[Start of Attachment]

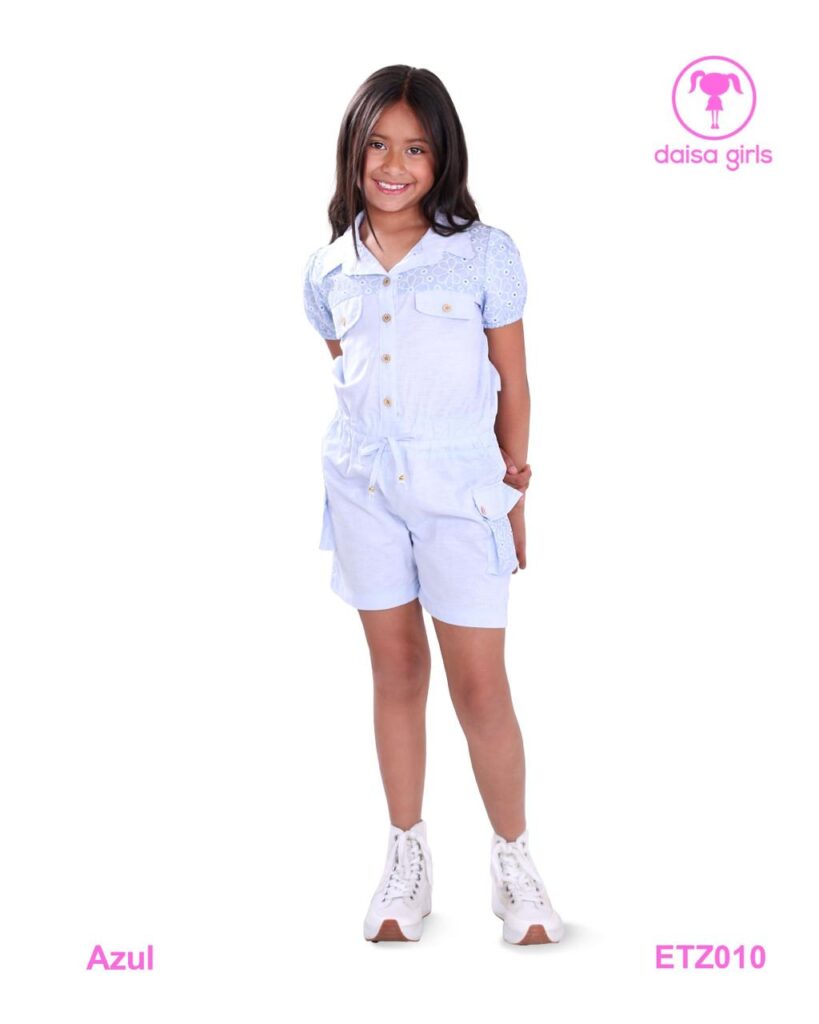 Overol Azul Niña Short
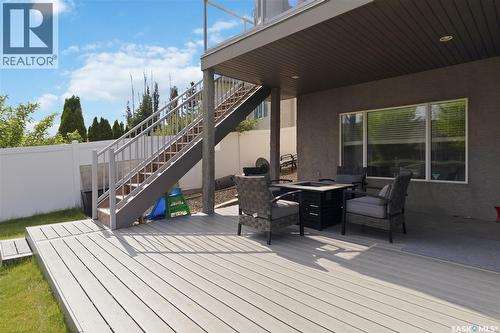 723 Bellmont Court, Saskatoon, SK - Outdoor With Deck Patio Veranda With Exterior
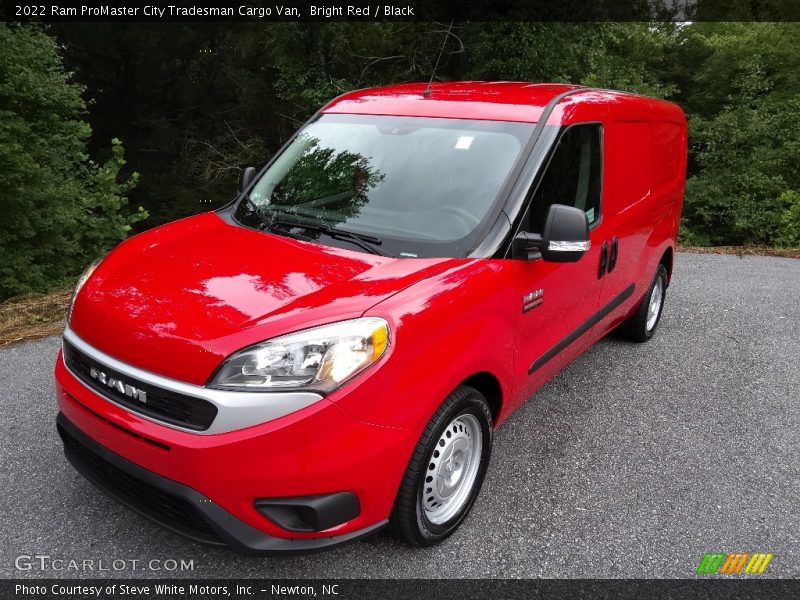 Bright Red / Black 2022 Ram ProMaster City Tradesman Cargo Van
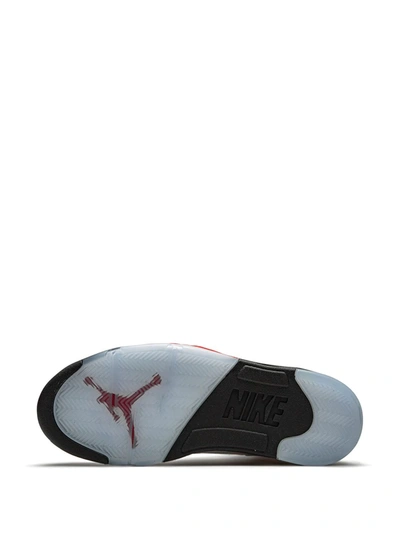 Shop Jordan Air  5 Retro "fire Red Silver Tongue 2020" Sneakers In White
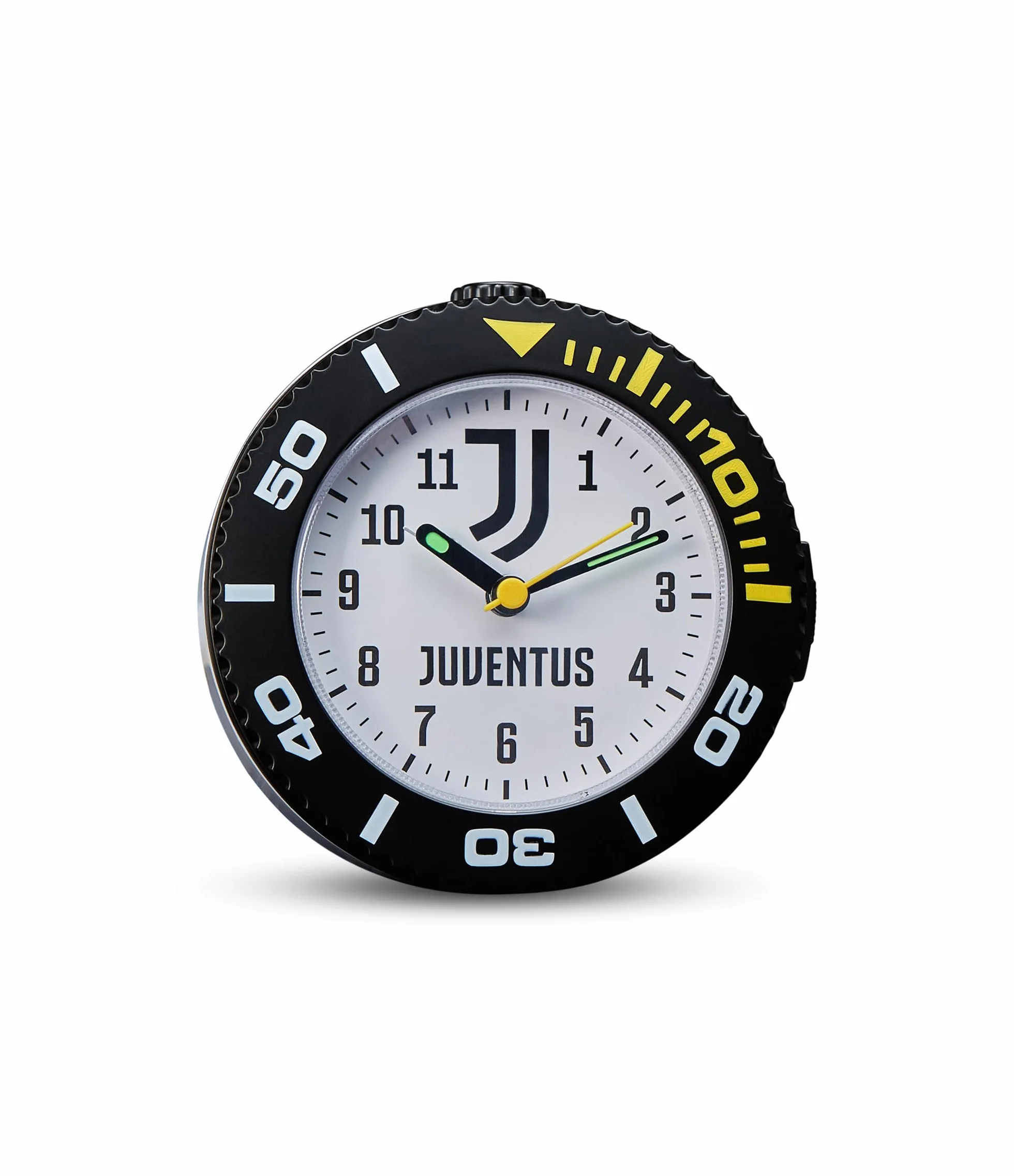 Seven Sveglia analogica JUVENTUS al quarzo con movimento continuo, Prodotto ufficiale, Calcio, Idea regalo bambini e adulti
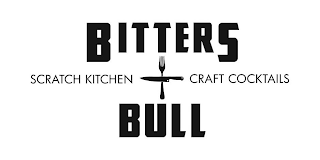 BITTERS + BULL SCRATCH KITCHEN CRAFT COCKTAILS logo
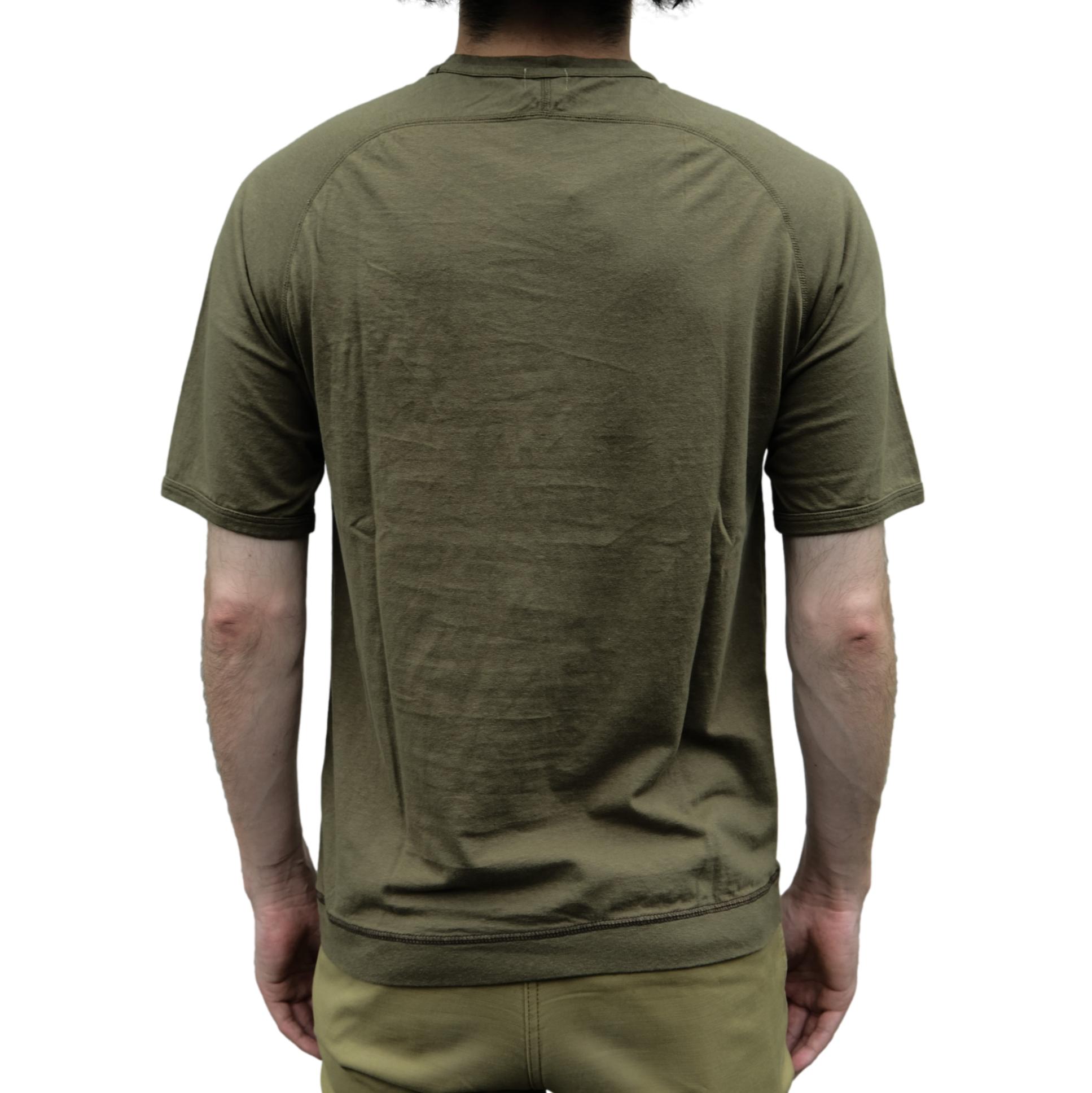 Loop & Weft Recycled Supima Cotton Freedom Sleeve Pocket Tee (Olive)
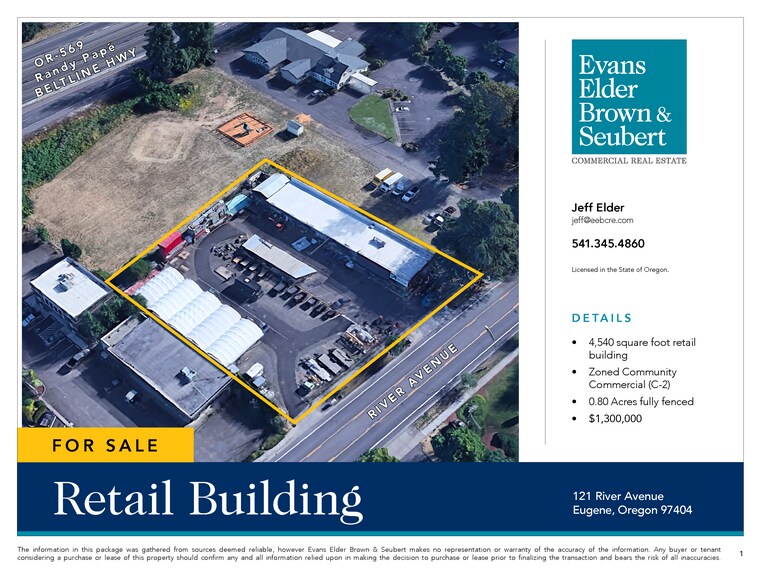 121 River Ave, Eugene, OR à vendre - Photo de l’immeuble – Image 3 sur 5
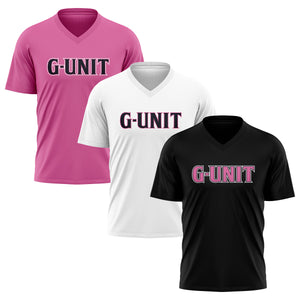 G-UNIT BASEBALL WOMENS V-NECK FULL SUB SHORT SLEEVE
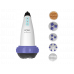 Masajeador Corporal - Solac ME7715 Sculptural Brush, 5 cabezales de tratamiento intercambiables, Función de calor y exfoliante, Blanco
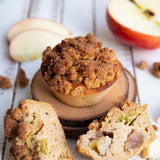 Apfel-Rhabarber Streusel Muffins 2er Pack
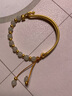 中國(guó)黃金（CHINA GOLD）蛇年本命年黃金手鏈女足金和田玉手鐲教師節(jié)禮物送女老師老婆生日 京速達(dá)-足金抱福蛇半鐲-和田玉-金約2.9-3g 曬單實(shí)拍圖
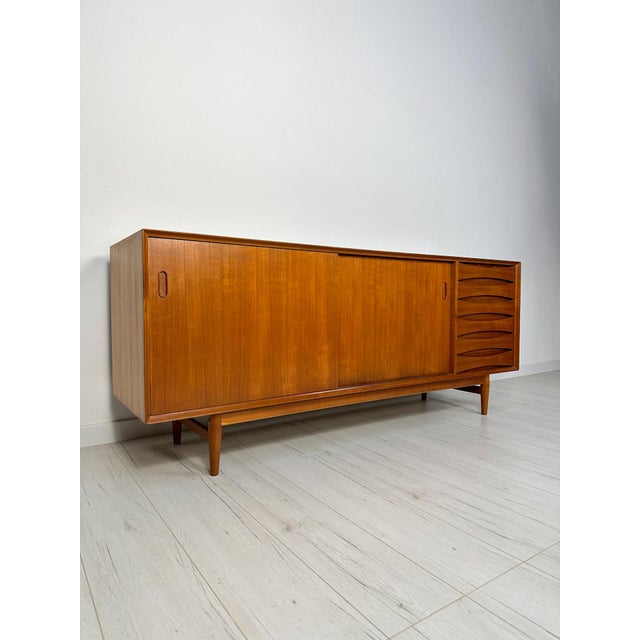 Rare ‘os29’ sideboard designed by arne vodder for sibast, denmark during the 1960s. One of the most celebrated and...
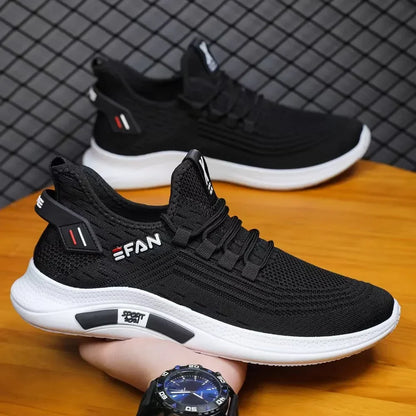 New White Men's Sneakers High Quality Shoes For Men Mesh Breathable Summer Casual Walking Sneaker Tenis Zapatillas Hombre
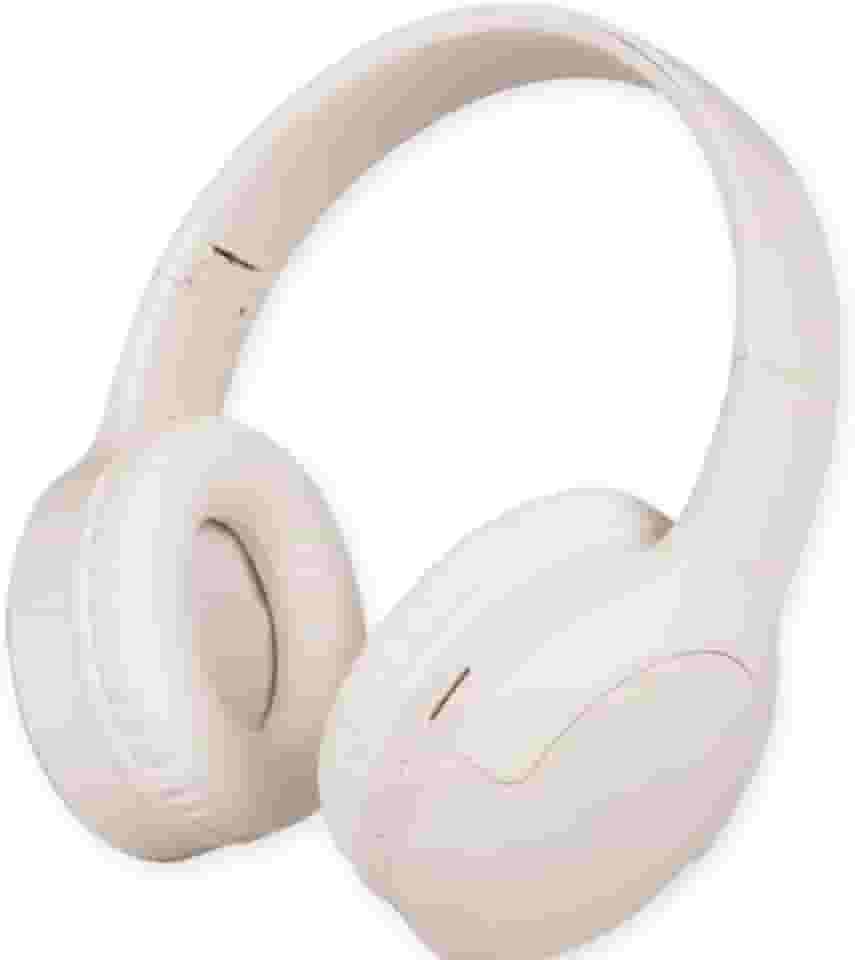 Fone de Ouvido Bluetooth 5.3 On-ear. Cancelamento de Ruído e Regulavel para Corridas e Academia, Headphone Sem Fio com Microfone Integrado Confortavel e Dobravel Compativel com Android e IOS. (Bege)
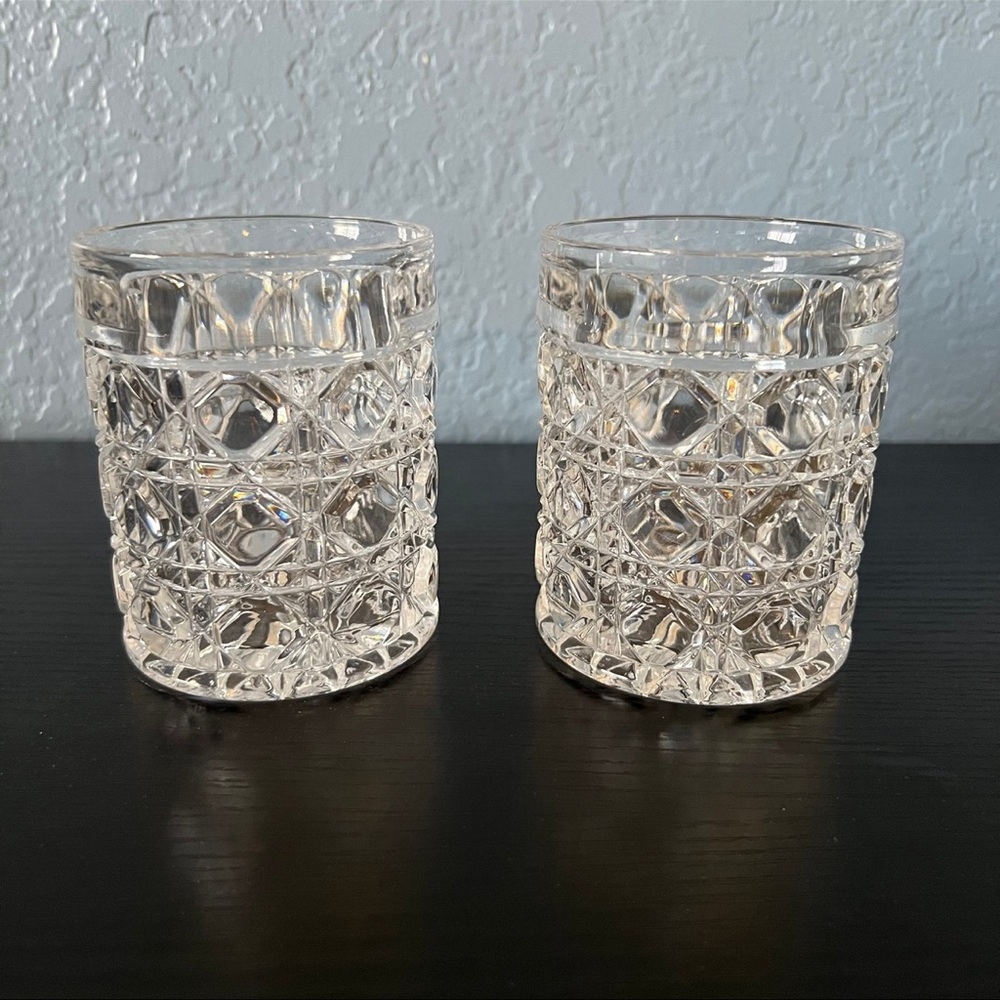 Vintage American Cut Lead Crystal Glasses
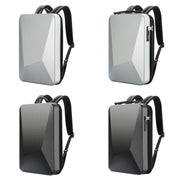 Bopai 61-93318A Hard Shell Water-resistant Expandable Backpack with USB Charging Hole, Spec: Regular (Black)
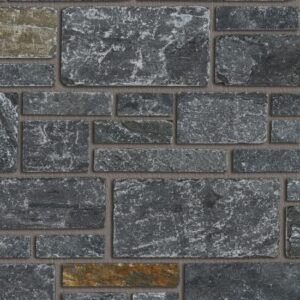 Pangaea® Natural Stone – 3 Course Ashlar, Diamond River avec demi pouce joints de mortier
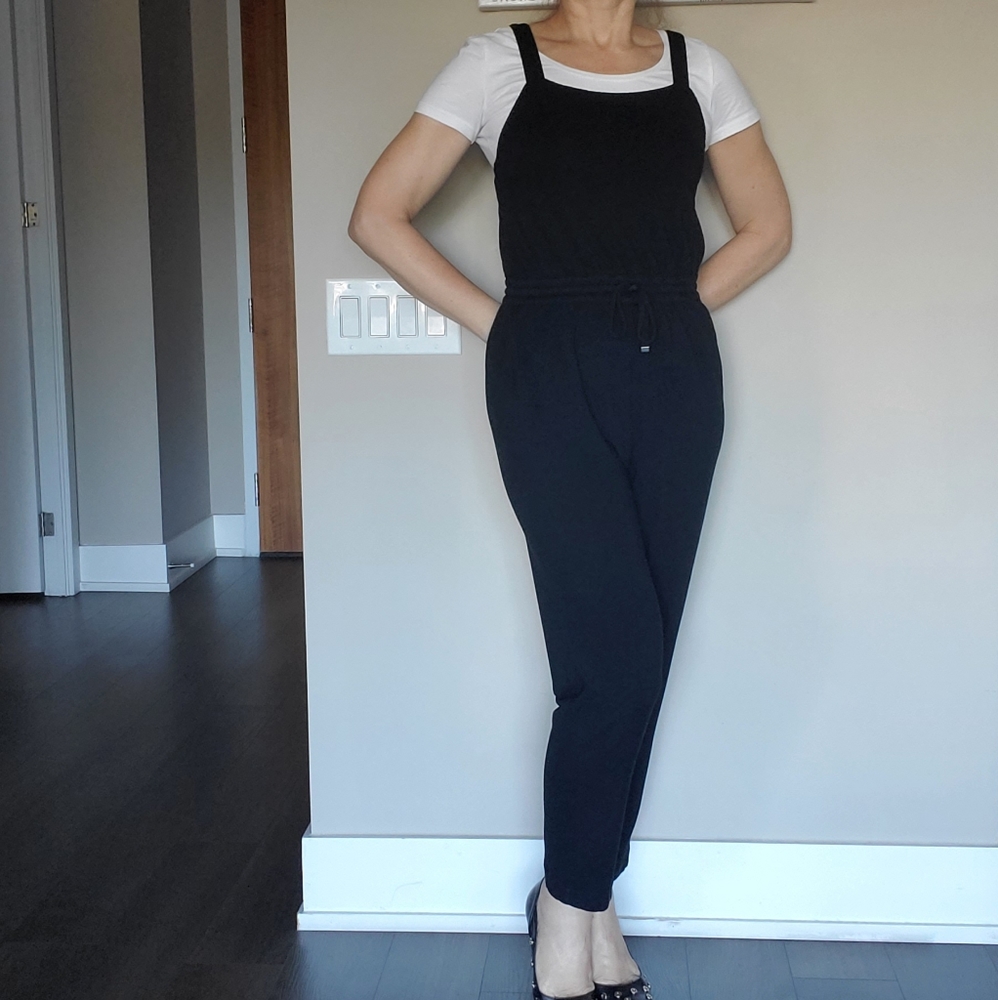 👑 2X HOST PICK 👑 Club Monaco Jersey Fabric Straps Jumpsuit - Picture 6 of 12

[End of Attachment]

» Task directions: The required answer is every line from the one containing "723 Bellmont Court, Saskatoon, SK" through the last line of the entries, restated word for word and with no pictures.

» Completed task:
 723 Bellmont Court, Saskatoon, SK - Outdoor With Deck Patio Veranda With Exterior
 Bright Red / Black 2022 Ram ProMaster City Tradesman Cargo Van
 Shop Jordan Air  5 Retro "fire Red Silver Tongue 2020" Sneakers In White
 Seven Sveglia analogica JUVENTUS al quarzo con movimento continuo, Prodotto ufficiale, Calcio, Idea regalo bambini e adulti
 BITTERS + BULL SCRATCH KITCHEN CRAFT COCKTAILS logo
 Loop & Weft Recycled Supima Cotton Freedom Sleeve Pocket Tee (Olive)
 121 River Ave, Eugene, OR à vendre - Photo de l’immeuble – Image 3 sur 5
 G-UNIT BASEBALL WOMENS V-NECK FULL SUB SHORT SLEEVE
 Masajeador Corporal - Solac ME7715 Sculptural Brush, 5 cabezales de tratamiento intercambiables, Función de calor y exfoliante, Blanco
 Apfel-Rhabarber Streusel Muffins 2er Pack
 中國(guó)黃金（CHINA GOLD）蛇年本命年黃金手鏈女足金和田玉手鐲教師節(jié)禮物送女老師老婆生日 京速達(dá)-足金抱福蛇半鐲-和田玉-金約2.9-3g 曬單實(shí)拍圖
 Rare ‘os29’ sideboard designed by arne vodder for sibast, denmark during the 1960s. One of the most celebrated and...
 New White Men's Sneakers High Quality Shoes For Men Mesh Breathable Summer Casual Walking Sneaker Tenis Zapatillas Hombre
 Fone de Ouvido Bluetooth 5.3 On-ear. Cancelamento de Ruído e Regulavel para Corridas e Academia, Headphone Sem Fio com Microfone Integrado Confortavel e Dobravel Compativel com Android e IOS. (Bege)
 Vintage American Cut Lead Crystal Glasses
 Bopai 61-93318A Hard Shell Water-resistant Expandable Backpack with USB Charging Hole, Spec: Regular (Black)
 Pangaea® Natural Stone – 3 Course Ashlar, Diamond River avec demi pouce joints de mortier
 👑 2X HOST PICK 👑 Club Monaco Jersey Fabric Straps Jumpsuit - Picture 6 of 12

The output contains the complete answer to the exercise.